Lloyds pays £500m Halifax compensation
Government-backed bank Lloyds will take a £500m charge over its handling of communications relating to some of its mortgages, after reaching a deal with the Financial Services Authority.
Halifax, now part of the Lloyds group, said it has reached a voluntary agreement with the FSA to pay compensation to 300,000 mortgage customers after it admitted confusing them on the interest rate they were charged.
Customers that took out a standard variable rate mortgage between 2004 and 2007 were issued with offer documents that implied they would be informed if the bank raised the interest rate cap.
In fact, Lloyds only agreed to inform one specific group of customers, leaving most uninformed when it raised the cap on its standard variable rate mortgages from two to three per cent above the base rate in January 2009.
Mortgage brokers queried Halifax’s right to change the rate if the documents didn’t explicitly say it would.
Halifax is to write to around 600,000 customers from April onwards to clear up the confusion and would make goodwill payments to around half of them.
Compensation will be based on the difference between customers’ repayments at the two and three per cent rates.
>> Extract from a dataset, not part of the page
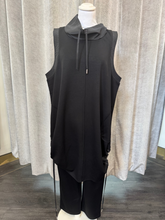 Load image into Gallery viewer, Malissa J WF2515 black sleeveless top - women’s drawstring high neck asymmetric hem top, chic smart casual fashion piece.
Lloyds acquired the Halifax business following its purchase of rival HBOS during the height of the credit crisis in 2008.
The HBOS takeover, which was brokered by the then Labour government, saddled Lloyds with billions of pounds of losses and led the government to step in and bail it out with taxpayers’ money.
As a result of the bailout, the British government ended up with a stake of around 41 percent in Lloyds.
Lloyds shares are down 2.18 per cent, making it one of the worst-performing stocks on the FTSE 100.